= J.P. Alley =

American cartoonist

J.P. Alley (1885–1934) was an editorial cartoonist whose work attacking the Ku Klux Klan brought his employer, the Memphis Commercial Appeal newspaper, the 1923 Pulitzer Prize for Public Service. He was best known for his Hambone's Meditations, a syndicated comic strip featuring a racist, Jim Crow caricature of an African American man.

==Life and career==
Born James Pinckney Alley near Benton, Arkansas, in 1885, he worked as a pottery maker after his graduation from public school in 1903. Subsequently, he lived in Little Rock and Greenwood, Mississippi, while developing into a commercial artist. Employed by a Little Rock engraving company in 1908, Alley got married and freelanced as a cartoonist. In 1909, he and his family moved to Memphis, where he was employed by the Bluff City Engraving Co. The business was located in the same building as the Commercial Appeal, which proved fortuitous.

Although he took a correspondence course, Alley's craft as a commercial artist and cartoonist was largely self-taught. He freelanced for the newspaper before being hired in 1916, becoming its first editorial cartoonist.

Many of his political cartoons employed humor and satire. E. H. Crump, the Boss of Memphis, was a frequent target. The anti-Klan cartoons of 1923 were instrumental in helping defeat Klan-backed politicians in that year's municipal races.

===Hambone's Meditations===
Alley's editorial cartoons were central to the Commercial Appeals attack on the Klan that resulted in its Pulitzer Prize. His Hambone cartoons, though popular among Southern whites, were seen as racist and despised by African-Americans.
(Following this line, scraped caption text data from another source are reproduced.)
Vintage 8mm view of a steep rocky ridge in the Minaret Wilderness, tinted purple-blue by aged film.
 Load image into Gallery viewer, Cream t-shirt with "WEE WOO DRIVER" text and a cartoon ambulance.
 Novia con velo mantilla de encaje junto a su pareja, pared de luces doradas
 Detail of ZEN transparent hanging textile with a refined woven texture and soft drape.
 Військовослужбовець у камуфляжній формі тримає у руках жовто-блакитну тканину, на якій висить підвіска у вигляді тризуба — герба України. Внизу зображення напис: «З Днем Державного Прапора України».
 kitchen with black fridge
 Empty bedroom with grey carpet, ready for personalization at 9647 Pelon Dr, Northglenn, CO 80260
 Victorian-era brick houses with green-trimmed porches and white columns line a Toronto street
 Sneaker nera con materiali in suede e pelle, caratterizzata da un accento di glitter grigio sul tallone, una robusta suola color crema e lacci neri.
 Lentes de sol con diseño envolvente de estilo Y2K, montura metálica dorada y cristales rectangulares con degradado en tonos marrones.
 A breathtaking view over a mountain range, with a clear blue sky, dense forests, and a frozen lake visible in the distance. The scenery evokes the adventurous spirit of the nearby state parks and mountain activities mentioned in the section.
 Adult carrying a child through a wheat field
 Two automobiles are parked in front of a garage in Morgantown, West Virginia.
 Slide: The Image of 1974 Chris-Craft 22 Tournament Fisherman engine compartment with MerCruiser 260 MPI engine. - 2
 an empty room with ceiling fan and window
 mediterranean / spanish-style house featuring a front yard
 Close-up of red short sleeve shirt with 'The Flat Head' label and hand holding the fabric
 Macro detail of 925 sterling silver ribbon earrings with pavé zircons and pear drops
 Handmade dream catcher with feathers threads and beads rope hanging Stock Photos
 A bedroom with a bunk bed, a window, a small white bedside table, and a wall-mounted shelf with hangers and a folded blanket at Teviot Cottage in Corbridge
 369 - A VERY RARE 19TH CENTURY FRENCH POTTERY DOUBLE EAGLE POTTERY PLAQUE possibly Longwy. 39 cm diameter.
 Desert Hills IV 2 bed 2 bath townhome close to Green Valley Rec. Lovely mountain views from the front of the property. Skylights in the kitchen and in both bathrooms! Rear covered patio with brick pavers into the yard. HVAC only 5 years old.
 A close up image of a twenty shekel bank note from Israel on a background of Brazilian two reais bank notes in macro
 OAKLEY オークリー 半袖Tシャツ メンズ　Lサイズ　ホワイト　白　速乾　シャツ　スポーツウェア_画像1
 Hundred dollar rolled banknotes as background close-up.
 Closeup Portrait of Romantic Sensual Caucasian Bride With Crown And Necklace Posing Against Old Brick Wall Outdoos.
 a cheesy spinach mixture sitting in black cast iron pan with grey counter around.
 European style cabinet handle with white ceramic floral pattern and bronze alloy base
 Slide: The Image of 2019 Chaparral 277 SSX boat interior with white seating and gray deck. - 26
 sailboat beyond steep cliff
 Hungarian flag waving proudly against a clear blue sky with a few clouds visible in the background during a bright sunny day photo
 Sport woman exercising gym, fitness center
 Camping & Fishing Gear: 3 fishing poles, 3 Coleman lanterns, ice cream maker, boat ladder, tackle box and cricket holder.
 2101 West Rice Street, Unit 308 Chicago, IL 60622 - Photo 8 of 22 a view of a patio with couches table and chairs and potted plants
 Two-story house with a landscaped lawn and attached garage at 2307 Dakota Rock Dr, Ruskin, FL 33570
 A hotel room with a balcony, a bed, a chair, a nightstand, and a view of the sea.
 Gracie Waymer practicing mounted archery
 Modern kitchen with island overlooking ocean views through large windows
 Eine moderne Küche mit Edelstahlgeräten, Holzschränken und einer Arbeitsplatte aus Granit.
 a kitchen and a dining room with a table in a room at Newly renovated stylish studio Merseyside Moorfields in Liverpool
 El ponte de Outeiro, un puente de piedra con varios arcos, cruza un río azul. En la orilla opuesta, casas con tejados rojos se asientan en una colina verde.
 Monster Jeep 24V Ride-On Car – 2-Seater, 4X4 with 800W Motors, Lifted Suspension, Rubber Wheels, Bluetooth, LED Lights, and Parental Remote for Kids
The character of Hambone debuted in 1916 in one of his editorial cartoons. It developed into its own comic strip, Hambone's Meditations, which eventually began appearing on the front page of the Commercial Appeal. The presence of Hambone on the newspaper's front page was noted unfavorably by journalist Garry Wills while covering the Martin Luther King assassination.

The character of Hambone became so popular, Alley syndicated it as a comic strip. He published collections of his Hambone cartoons, the first in 1919. Hambone's Meditations was cancelled after Martin Luther King's assassination, having been made an object of derision by the striking Memphis sanitation workers who Dr. King had come to help.

==Death and legacy==
J. P. Alley died on April 16, 1934, after a lengthy illness at the age of 49. His son Calvin "Cal" Alley succeeded him as the Commercial Appeals editorial cartoonist.

His wife Nona Alley, who wrote dialogue for the Hambone cartoons, along with Calvin and her son James Alley, kept the comic strip going for another 34 years. It finally was discontinued in the wake of the assassination of Martin Luther King Jr. in Memphis in 1968.

Both J.P. Alley and Cal Alley are members of the Tennessee Newspaper Hall of Fame. Cal was inducted in 1979 while his father became a member in 1993.